What I learned building my first custom water loop

This weekend, I've fulfilled a long dream of mine and upgraded my computer to a fully custom waterloop. This is, for a number of a reasons, a complicated process, and outside of general advice, it's difficult to provide an exact guide on how to do this. Custom waterloops are, well, custom. They depend mostly on what computer case you use, and what sort of reservoir and such you've bought. As such, my advice can also only be general.

Plan ahead

Check online for custom watercooling builds in your case. Use those as a guide for radiator and reservoir placement. Sketch ideas out on paper. Measure out the places inside of your case where you intend to place components. Check the your pc case manual, those very often contain info on where you can place radiators and reservoirs.

Some cases are ill-suited for custom waterloops. Consider buying a new case rather than building in an old, ill-suited one. It will save you a lot of pain.

Some cases require modifications. I had to cut into mine with a metal saw to make space for a radiator. Minimal material was removed from the frame, invisible after the case is put back together. I also had to drill into it to place the reservoir. The holes case manufacturers place for reservoirs are best-effort guesses. Unlike for fans, and thus radiators, there are no standards for reservoirs.

Do not rush

Expect a marathon, not a sprint. There will be setbacks. My process, setbacks and all, took me 3 days. And I still fucked up assembling my GPU. The die has bad contact and I'll have to drain the loop, pull it out, disassemble it and put it back together again. A lot of this was also spent waiting for next-day deliveries to show up because I'm dumb and was missing things.

Prefer soft tubing

There are no performance benefits to hardline tubes, and they are a bitch to measure, bend and cut precisely. That 95° angle that was meant to be a 90° is going to be evident immediately, and forever. Soft tubes are forgiving, easy to put into the system and much more time efficient. They also do not require extra equipment dedicated solely to bending hardline tubes. Think about where your build is going to sit. On the floor? Who gives a shit how it looks?

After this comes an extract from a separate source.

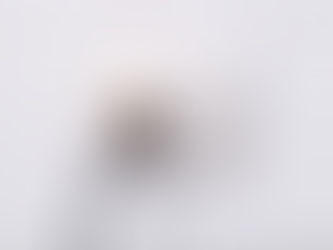 Photo of an electrical wall outlet with an electric cord plugged in. There is a flame rising out of the plug.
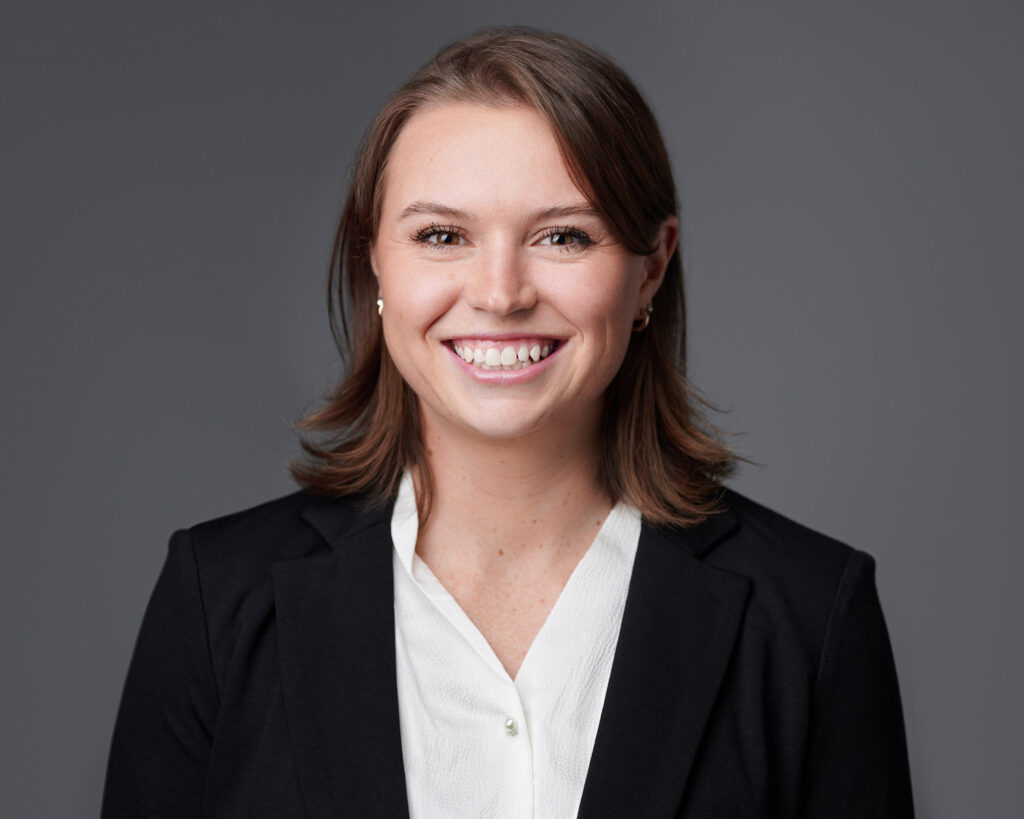 Smiling young female business professional in a black blazer and white blouse, photographed against a smooth grey studio background for a corporate headshot.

Custom waterloops are all about you, and if you insist, then you do you. Hardline tubes are the endboss of all pc builds. Be ready for a challenge.

Tube sizes

The standard soft tube is 13 mm outer diameter and 10 mm inner diameter, or 13/10. There's a ton of other sizes as well but remember even if the inner diameter is larger, liquid flow improvemets are going to be marginal. Different sizes also need different fittings.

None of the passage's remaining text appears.